Supramolecular hydrogels emerge as ideal functional soft materials for versatile applications in a wide range of biological fields such as drug delivery, functional foods, tissue engineering, and biosensors, due to their facile fabrication process, excellent responsiveness to stimuli, and satisfactory rheological properties.^1–5 In general, supramolecular hydrogels can be formed by self-assembly of low molecular weight gelators (LMWGs) through noncovalent interactions (e.g., hydrogen bonding, π–π stacking, etc.),^6,7 or by self-assembly of hydrophilic and hydrophobic groups on the main or side chains of polymeric gelators (PGs) driven by electrostatic repulsion and hydrophobic interactions.^8,9 In recent years, there is a growing interest in the development of multicomponent supramolecular hydrogels by combining LMWGs with PGs through co-assembly or self-sorting approaches.^10–12 This innovative strategy is expected to form a new type of gel network and achieve multifunctional properties.¹³ Considering the safe and green applications in functional food and biomedical fields, it is highly desirable to develop supramolecular hydrogels by the use of naturally occurring, edible ingredients as building blocks that have high bioactivity, biocompatibility, and biodegradability.^14–16

Glycyrrhizic acid (GA) is a naturally occurring compound extracted from licorice root that possesses various biological activities, including anti-inflammatory, hepatoprotective, anticancer, and antiviral activities.^17–19 From the point of view of chemical structure, GA is a chiral amphiphilic molecule consisting of a hydrophobic triterpenoid glycoside (18β-glycyrrhetinic acid) and a hydrophilic diglucuronic acid unit. The inherent amphiphilic and chiral nature of the GA molecules enables them to undergo anisotropic self-assembly to form supramolecular nanofibrils in water by hydrophobic interactions of the triterpene fragments and hydrogen bonds of the glucuronic acid fragments.²⁰ The formed semi-flexible nanofibrils are right-handedly twisted with a width of about 2.5 nm and a period of 9 nm, and can further entangle to form supramolecular hydrogels with three-dimensional networks.²¹ Furthermore, the presence of numerous functional groups, rigid skeleton, and distinctive stacking behaviors within the GA molecules render them as ideal structural motifs to produce a broad range of GA derivatives, thereby promoting the development of multifunctional hydrogel materials.^22–24 We have utilized the supramolecular self-assembly of GA to construct a variety of novel colloidal materials, such as robust gel emulsions for protection of nutrients,^25,26 ultrastable thermo-responsive foams,^27–29 and injectable hydrogels for wound healing.³⁰ However, GA supramolecular hydrogels possess poor mechanical strength and limited ability to be shaped and can be easily destroyed during processing. Combining GA with biopolymers that have the capacity of self-assembly can endow GA supramolecular hydrogels with more functional properties and broaden application fields.

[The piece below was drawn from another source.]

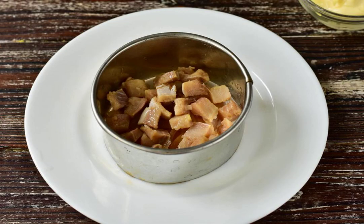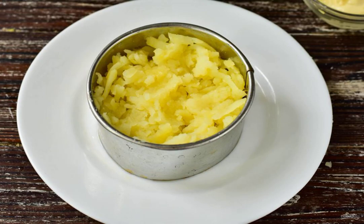Put the diced onion in the forming ring and pour it with vegetable oil. Put the herring on top, which is also cut. Rub the boiled potatoes on top of the herring.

Carrageenan (CG), an algal sulfated linear polysaccharide with a galactan backbone, is an important class of food-grade biopolymers with superior gelling, thickening, and stabilizing properties and has been widely used in food, medical, cosmetic, and pharmaceutical applications.^31,32 κ-CG, ι-CG, and λ-CG are three of the most common types of carrageenan, differing in the number and position of the sulfate groups: one for κ-CG repeat unit, two for ι-CG repeat unit, and three for λ-CG repeat unit.^31,32 The formation of CG gels involves a conformational transition from random coils to well-ordered helices, and the helical structures are further associated by metal ion-mediated aggregation into supramolecular multi-filament structures.^33,34 Therefore, as a unique naturally edible biopolymer with metal ion-induced supramolecular self-assembly, the combination of CG and GA may be able to create a new type of supramolecular hydrogels with satisfactory mechanical properties and multifunctionality by employing the multicomponent approach.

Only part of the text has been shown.